Senja baru saja ingin memejamkan matanya. Namun, bunyi notifikasi yang berasal dari ponsel menggagalkan niatnya untuk tidur siang.

Senja, gua di bawah. Buruan ganti baju. GPL alias gak pakai lama!

Senja melihat pesan masuk yang berasal dari Fajar. Ia berjalan keluar kamarnya dan mengintip ke bawah. Benar saja, mobil Fajar sudah terparkir di depan rumahnya.

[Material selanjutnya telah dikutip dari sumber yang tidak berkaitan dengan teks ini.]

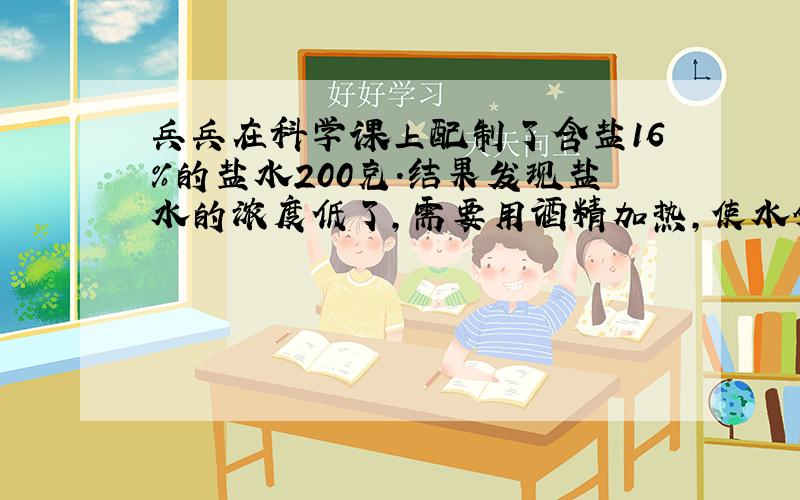 兵兵在科学课上配制了含盐16%的盐水200克.结果发现盐水的浓度低了,需要用酒精加热,使水分蒸发.如果使盐水的含盐率提高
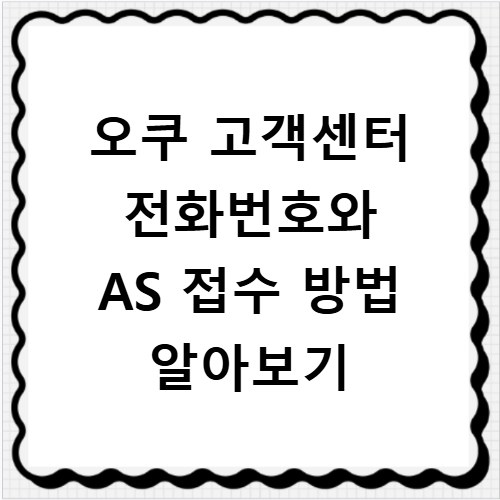 오쿠 고객센터 전화번호와 AS 접수 방법 알아보기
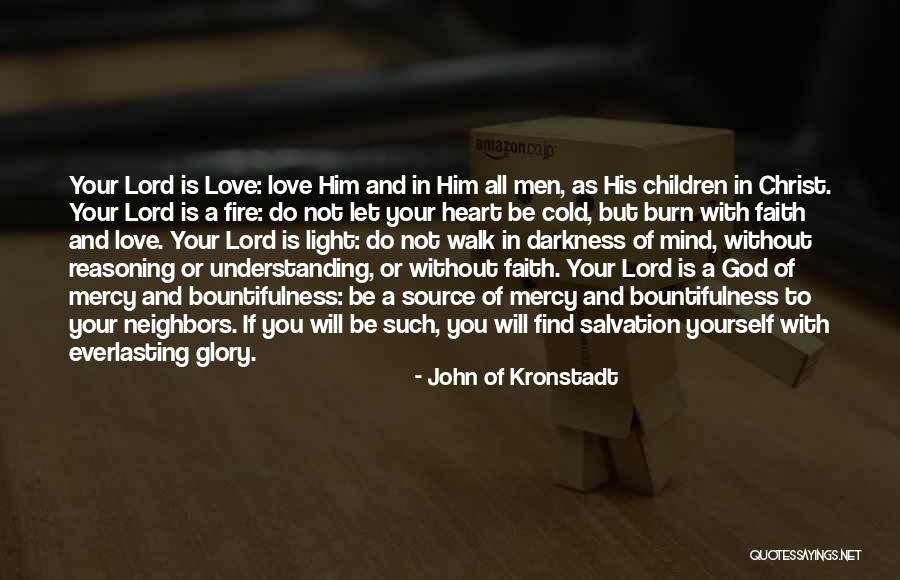 The Lord Is My Light And My Salvation Quotes By John Of Kronstadt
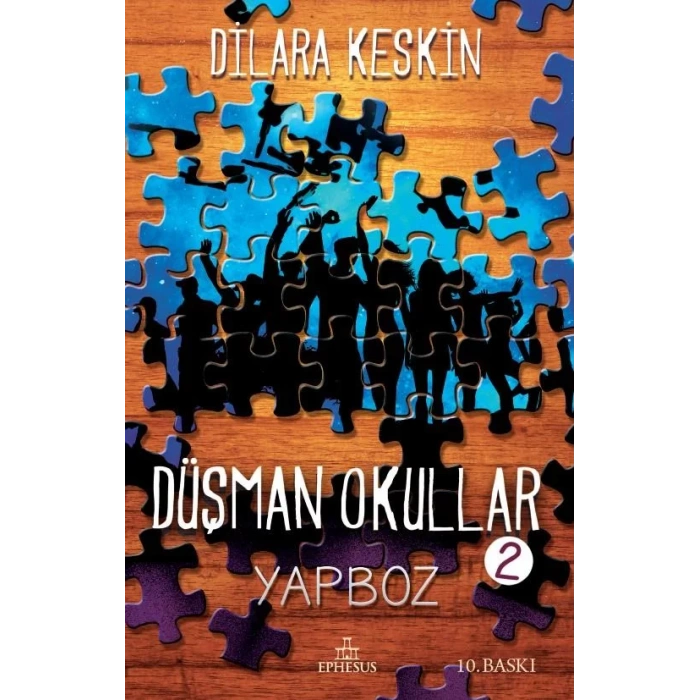 DÜŞMAN OKULLAR 2 - EPHESUS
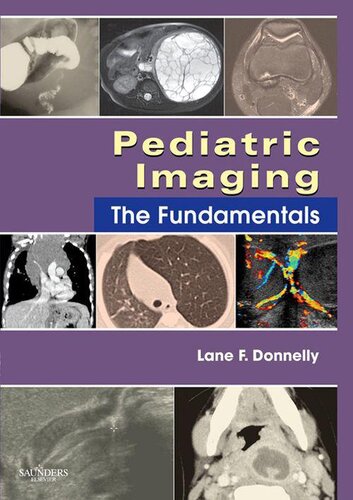 Pediatric Imaging: The Fundamentals 2009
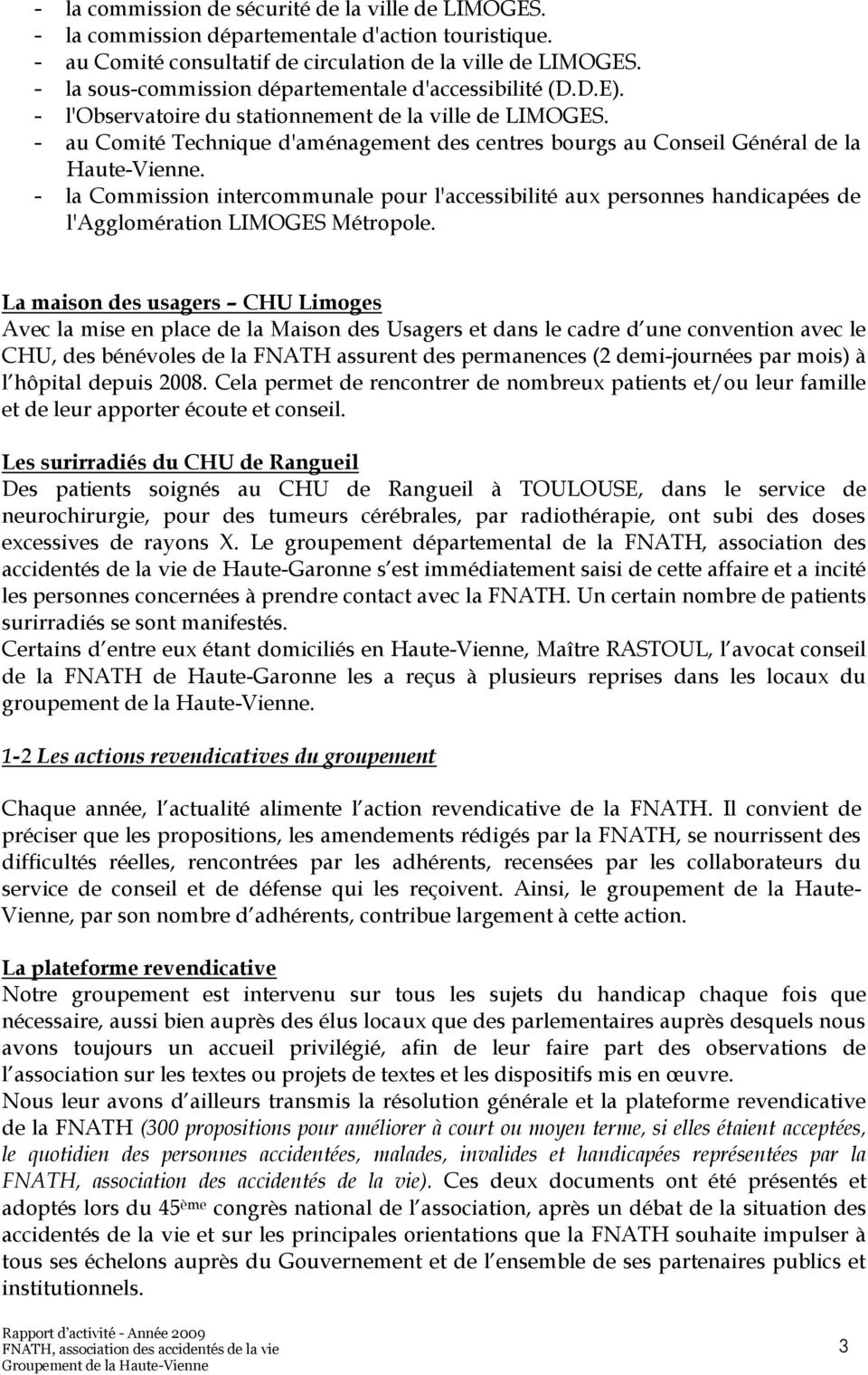 - au Comité Technique d'aménagement des centres bourgs au Conseil Général de la Haute-Vienne.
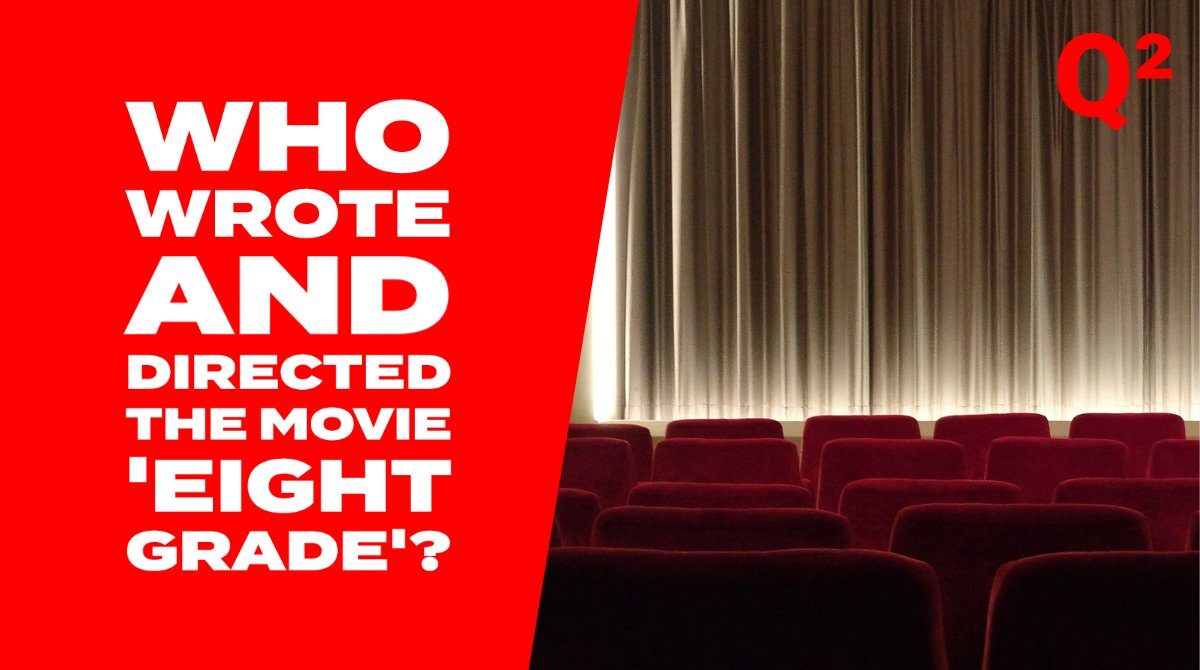 Who wrote and directed the movie 'Eight Grade'? #movie #quiz bit.ly/2010sQuiZ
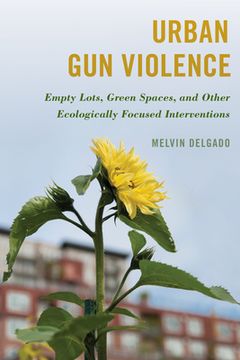 portada Urban Gun Violence: Empty Lots, Green Spaces, and Other Ecologically Focused Interventions (en Inglés)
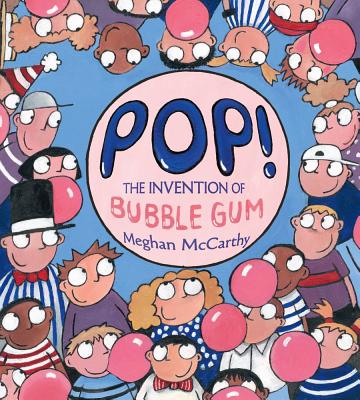 Pop!: The Invention of Bubble Gum By Meghan McCarthy, Meghan McCarthy (Illustrator) Cover Image
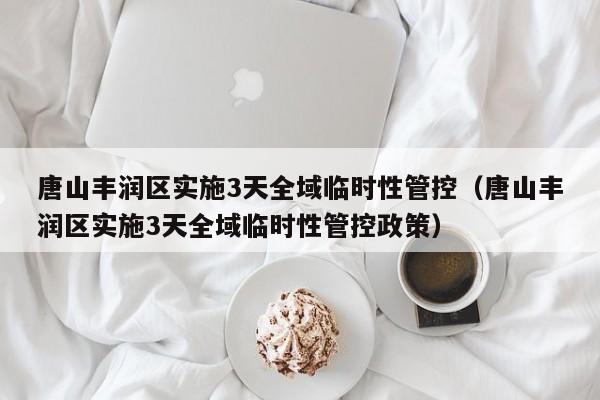 唐山丰润区实施3天全域临时性管控(唐山丰润区实施3天全域临时性管控政策)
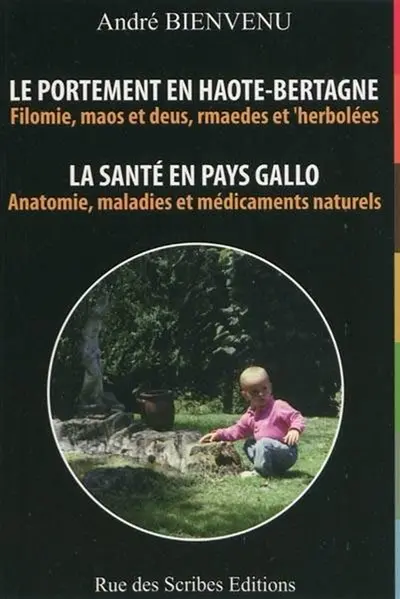 La santé en pays gallo : anatomie, maladies et médicaments naturels : avec également les boissons de convivialité. Le portement en Haote-Bertagne : filomie, maos et deus, rmaedes et 'herbolées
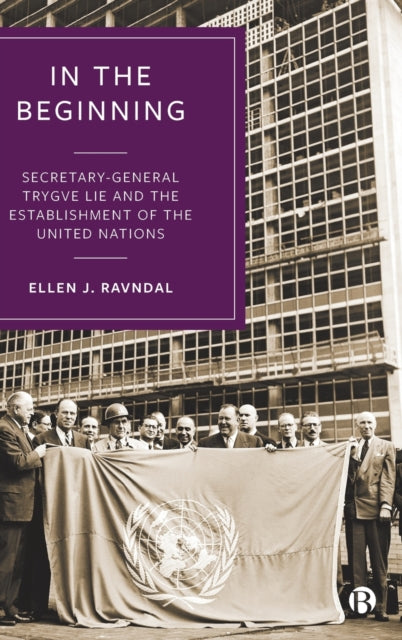 In the Beginning: Secretary-General Trygve Lie and the Establishment of the United Nations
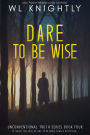 Dare To Be Wise (Unconventional Truth Series, #4)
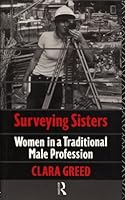 Surveying Sisters: Women in a Traditional Male Profession 0415044898 Book Cover
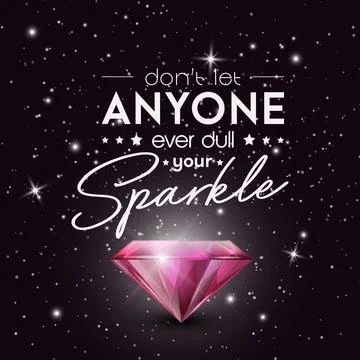 Don't Let Anyone Ever Dull Your Sparkle. Vector Typographic Quote with Realistic Ilustración de archivo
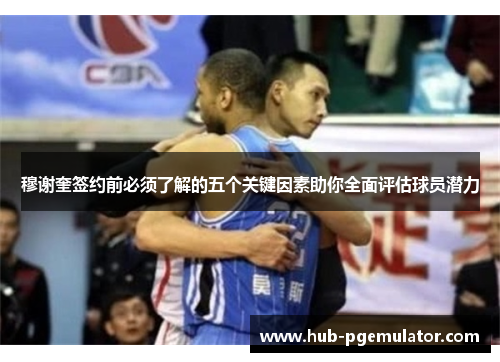 穆谢奎签约前必须了解的五个关键因素助你全面评估球员潜力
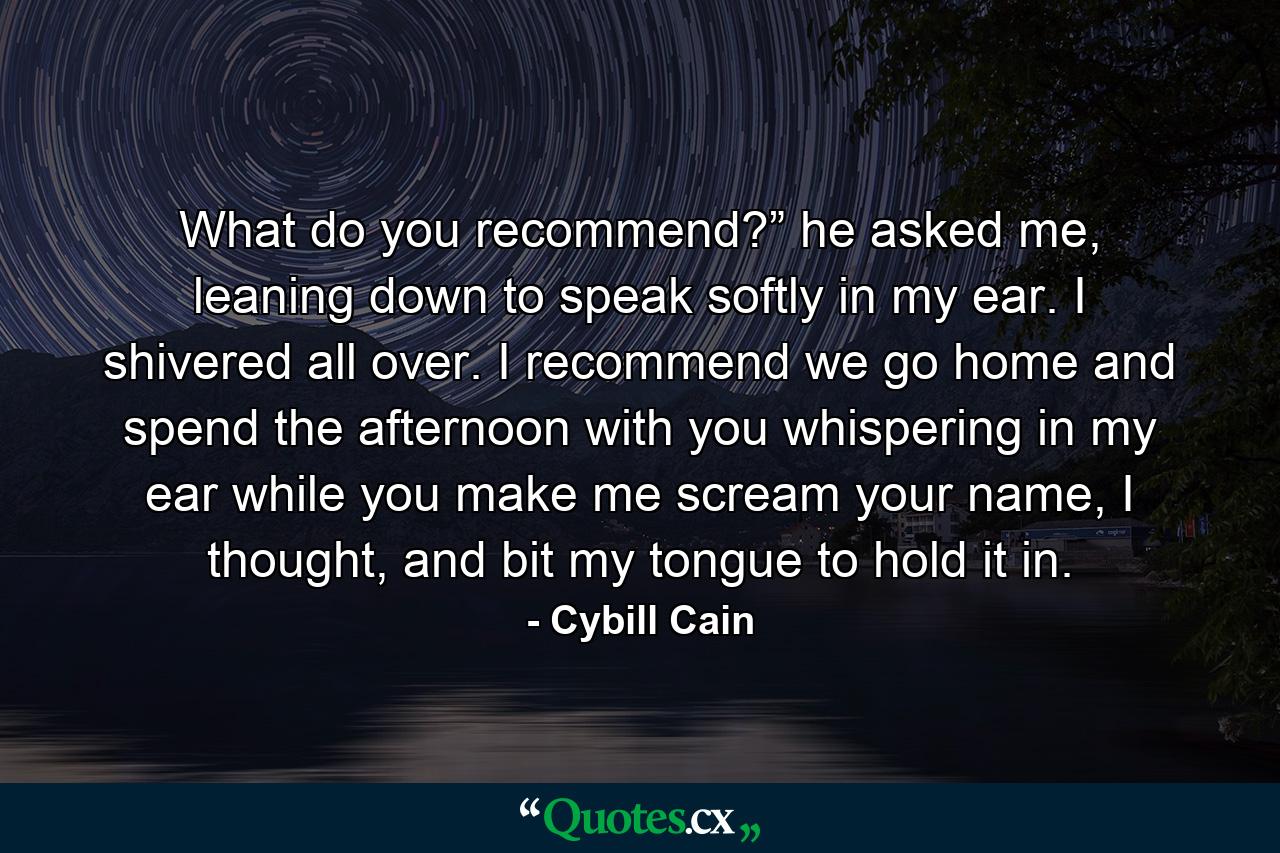 What do you recommend?” he asked me, leaning down to speak softly in my ear. I shivered all over. I recommend we go home and spend the afternoon with you whispering in my ear while you make me scream your name, I thought, and bit my tongue to hold it in. - Quote by Cybill Cain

Ia segera bergegas kembali ke kamar untuk mengganti baju.

Senja menuruni anak tangga secara tergesa-gesa, gadis itu tampak sudah tidak sabar untuk bertemu dengan sang pacar. Ia berjalan menuju dapur, melihat Dewi yang sedang bermesraan dengan bumbu-bumbu dapur.

“Ma, Senja pergi sama Fajar. Tuh anak udah di depan.”

“Gak masuk dulu?”

“Entar aja, Ma, tunggu pulang. Senja juga gak tahu dia mau ngajak ke mana.”

“Oke. Hati-hati, ya. Jangan pulang terlalu malam.”

“Siap laksanakan, Bu Bos.” Senja bergegas keluar tanpa menyalami Dewi karena tangannya sedang dibalut oleh berbagai macam bumbu dapur.

“Mau ke mana dan mau cari siapa, ya, Pak?” ujar Senja mengintip di balik jendela. Ia melihat Fajar sedang merapikan rambutnya di spion.

“Mau ke pelaminan, nyarinya pasangan yang bersedia bergandengan sampai ke sana,” jawab Fajar bercanda.

Senja tertawa mendengar jawaban Fajar yang mengada-ada itu. Ia segera berjalan memasuki mobil. “Lo mau curi gua ke mana lagi?”

“Ke mana aja, yang penting sama gua.” Fajar mengedipkan sebelah matanya ketika menyadari wajah Senja yang berubah menjadi manyun mendengar jawabannya.

***

Fajar memberhentikan mobilnya di depan KTM Resort. Senja sudah bisa menebak ke mana mereka akan bermuara. Sebab tidak ada destinasi lain selain Ombak Bar jika sudah berhenti di sini.

“Lagi bulan muda, Mas?” ledek Senja sambil mendorong pelan lengan Fajar.

Ini adalah kali ketiga mereka pergi ke Ombak Bar bersama. Hanya saja perbedaanya Fajar tidak perlu lagi pergi diam-diam membuntuti Senja.

“Mau pesan apa?” tanya Fajar.

“Tumben lo nanya.”

“Barangkali aja lo berkeinginan mencoba yang lain.”

Senja menggelengkan kepalanya pertanda menolak. “No, no, no. Tetap sama!” jawab Senja.

“Siap laksanakan, Buk Pacar. Tunggu di sini sebentar.”

Senja hanya mengangguk dan meraih ponselnya dari saku.

“Ini kali ketiga kita ada di sini sama-sama.”

Senja berusaha mencerna dan mengingat, “Ketiga? Bukannya ini yang pertama?”

“Oh, iya. Kemarin pernah sekali gak sengaja kita bertemu di sini. Tapi ... sekali lagi kapan?” tanya Senja penasaran.

“Lo ingat, gak? Dulu Lo pernah ke sini sama Jingga?”

Senja mengernyitkan dahinya sembari menaikkan sebelah alisnya berusaha mengingat. “Oh, iya, gua ingat. Terus, apa hubungannya sama lo?”